§ Task material
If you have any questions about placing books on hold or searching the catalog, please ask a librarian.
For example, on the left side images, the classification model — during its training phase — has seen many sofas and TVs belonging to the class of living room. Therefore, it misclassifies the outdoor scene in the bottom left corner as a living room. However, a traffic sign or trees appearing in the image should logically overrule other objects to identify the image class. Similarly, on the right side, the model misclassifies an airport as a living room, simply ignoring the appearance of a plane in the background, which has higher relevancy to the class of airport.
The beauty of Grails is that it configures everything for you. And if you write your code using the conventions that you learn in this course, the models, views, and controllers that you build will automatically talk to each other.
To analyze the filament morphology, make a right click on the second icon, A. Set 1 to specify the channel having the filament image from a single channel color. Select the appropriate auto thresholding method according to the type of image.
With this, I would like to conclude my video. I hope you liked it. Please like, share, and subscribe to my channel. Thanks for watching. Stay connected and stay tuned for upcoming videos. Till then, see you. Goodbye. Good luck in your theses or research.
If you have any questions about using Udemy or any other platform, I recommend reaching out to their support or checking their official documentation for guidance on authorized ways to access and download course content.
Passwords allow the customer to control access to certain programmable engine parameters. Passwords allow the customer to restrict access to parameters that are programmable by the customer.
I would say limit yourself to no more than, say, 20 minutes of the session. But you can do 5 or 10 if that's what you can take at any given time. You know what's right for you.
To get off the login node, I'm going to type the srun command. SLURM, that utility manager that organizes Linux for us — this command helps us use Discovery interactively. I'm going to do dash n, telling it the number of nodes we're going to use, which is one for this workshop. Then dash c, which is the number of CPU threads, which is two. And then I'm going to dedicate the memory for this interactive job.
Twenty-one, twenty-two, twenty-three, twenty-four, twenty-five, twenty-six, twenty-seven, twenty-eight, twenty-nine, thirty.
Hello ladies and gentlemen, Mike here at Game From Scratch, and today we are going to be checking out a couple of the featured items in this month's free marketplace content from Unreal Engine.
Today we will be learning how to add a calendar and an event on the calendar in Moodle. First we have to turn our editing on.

§ Description of the task
Which lines hold the word "about"? Copy each of them from the records.

§ Task output
If you have any questions about placing books on hold or searching the catalog, please ask a librarian.
If you have any questions about using Udemy or any other platform, I recommend reaching out to their support or checking their official documentation for guidance on authorized ways to access and download course content.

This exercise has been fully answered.